I’ve read much of MacDonald’s books (and a number of his articles and some of his blog posts). But note this. MacDonald has a very powerful caveat, and he repeats it often. He is not talking about all people in the Jewish group. He is only saying that such and such people (and he describes them in his writing) in the Jewish group had signs of strong Jewish identity, and what these particular people did caused a lot of damage to the European derived people. Well, he’s saying something like that. That’s very different than saying the Jewish group as a whole (whatever that means, and what it means is part of the problem) has done lots of damage. By the way, just because MacDonald does not say X, X may still be true ( or it may be false).
As for Pierce, I’ve basically rejected him, without having read any of his stuff. For some reason I have decided his is the same as the David Duke kind of talk – both of them discover facts and they present these facts in their writing, but what they make of these facts is sloppy.
Now if someone gives me a specific page of Pierce on the internet, and if they are willing to listen to my comments on that page after I read it, then I guess I could go ahead and read the page and comment on my thoughts on the page.
Brutus, let me clarify one sentence above. I wrote
[MacDonald] is only saying that such and such people (and he describes them in his writing) in the Jewish group had signs of strong Jewish identity, and what these particular people did caused a lot of damage to the European derived people
This sentence would be clearer if I had written it as
MacDonald is only saying that certain individuals and certain individual groups (and he names them in his writing) have 1) strong Jewish identity, and 2) what they did (and that includes what they wrote and the social forces those writings put into effect) caused a lot of damage to the European derived people.
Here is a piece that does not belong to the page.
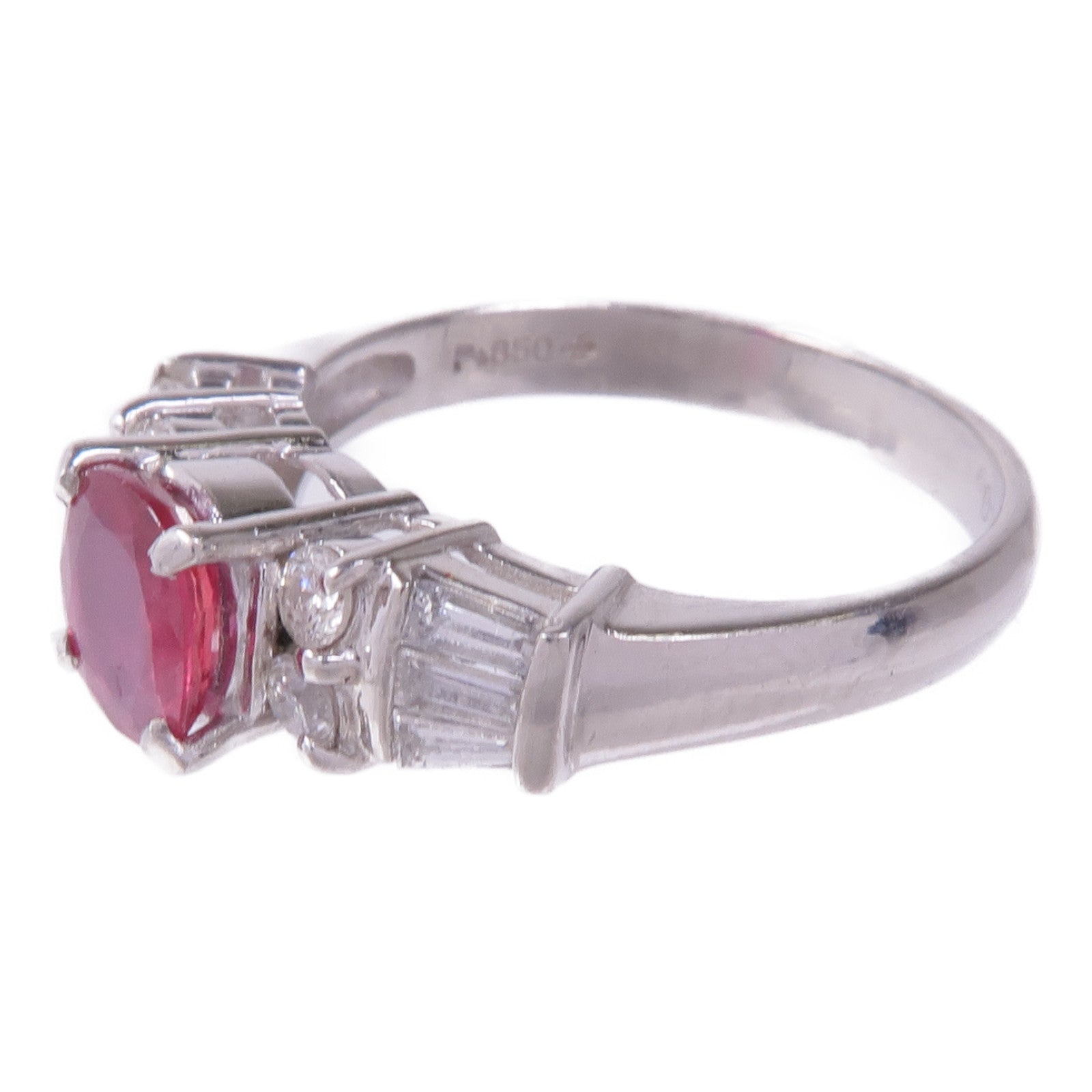 JEWELRY PT850鉑金Ruby Diamond Ring紅寶石/鑽石戒指粉紅色US#5.75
Note also, this is just one sentence of what I wrote. The problem is, it is very hard to get these ideas into writing. And even if I did, I think the writing would be wasted among … well, quite a few people.
We still all need to keep working, even though we don’t see each others viewpoints. And in some cases where we are able to advance our understanding of other viewpoints, that can be good. Or maybe it isn’t if we end up wasting time that could have been better spent elsewhere.
There was a discussion thread where you got involved in an intense discussion with some pro-Christians. Sometimes I view some segments of the pro-Whites as having a thought system that has functional characteristics similar to the thought system of some of the intense fundamentalist Christians. There is some similarity there even though I would have to work pretty hard to say more as to what it was. My father, who grew up in rural America, used to say of the really strong fundamentalists, “it’s just that they’re so screwy.” I don’t want to say anything that strong about any of the pro-White segments, but maybe it’s getting at something. Still, as Heraclitus said around 500BC, we all do our work.
The trouble is it is extremely hard to put into writing some of these ideas.